A señá Andrea se le freía la sangre en el cuerpo, y no bien llegó a su casa se puso a escribir una carta a la Reina, para que mandase ahorcar a todos los chiquillos del pueblo; pero su marido la llamó aparte y le dijo:
-Mira, Andrea, no es rigular que cuando va el Obispo a la iglesia le repiquen las campanas, y cuando vamos nosotros, que somos gente de tantos miles, no toquen ni una mala campanilla... De manera y ello es, que ahora mismo te subes por la col, y le cuentas a San Pedro lo que pasa, para que ponga remedio; porque lo que es a mí, ni el Sr. Obispo me echa delante la pata.
Seña Andrea no se hizo repetir la cartilla, y comienza a trepar col arriba hecha un toro de fuego, que sólo con el aliento levantaba chichones. Se pone delante de San Pedro con más fachenda que un rey de palo, y le pide que mande ahorcar al cura, al sacristán y al monaguillo, si no le repican las campanas como al Sr. Obispo.

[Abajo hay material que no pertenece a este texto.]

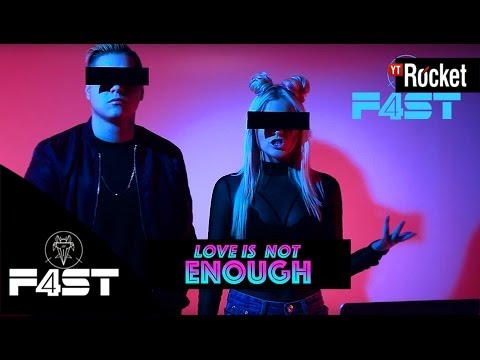 F4ST - Love Is Not Enough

San Pedro se metió la mano en la faltriquera sin decir palabra, y sacó una porrita como de un palmo de largo, ni más ni menos que el badajo de una campana.
-Toma esta porrita -le dijo; y si no repican el domingo cuando vayáis a misa, di: ¡Porrita componte!

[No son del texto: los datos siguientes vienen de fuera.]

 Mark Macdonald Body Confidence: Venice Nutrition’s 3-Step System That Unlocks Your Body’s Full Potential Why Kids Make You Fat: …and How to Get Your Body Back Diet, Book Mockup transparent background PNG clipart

Llegó el domingo después del sábado, sin priesa ninguna, y marido y mujer se meten en su calesa, y se van para la iglesia con más planta que la reina de Egipto; pero las campanas no repicaban... A señá Andrea le da un brinco en el cuerpo la soberbia, saca la porrita, la levanta en alto, y dice hecha un torillo josco:
-¡¡Porrita componte!!...
¡Nunca lo hubiera dicho, cristianos!... Porque empieza la porrita a brincar en el aire, dando coscorrones de la cabeza del marido a la de la mujer, y de la de la mujer a la del marido, sin parar de repicarles en la mollera, hasta dejarlos espachurrados en la misma puerta de la iglesia. Lo cual fue castigo de su ambición, su codicia y su soberbia; porque aquella porrita no era otra cosa que la Justicia de Dios, y ella es la que manda Su Divina Majestad de cuándo en cuándo a la tierra para zurrarle la pavana a los hombres. Porque como decía mi abuela, que esté en gloria, cuando era yo zagalilla: Dios ni come ni bebe; pero juzga lo que ve.
Y aquí se acabó mi cuento con pan y pimiento; y el que quiera saber más, que compre un viejo.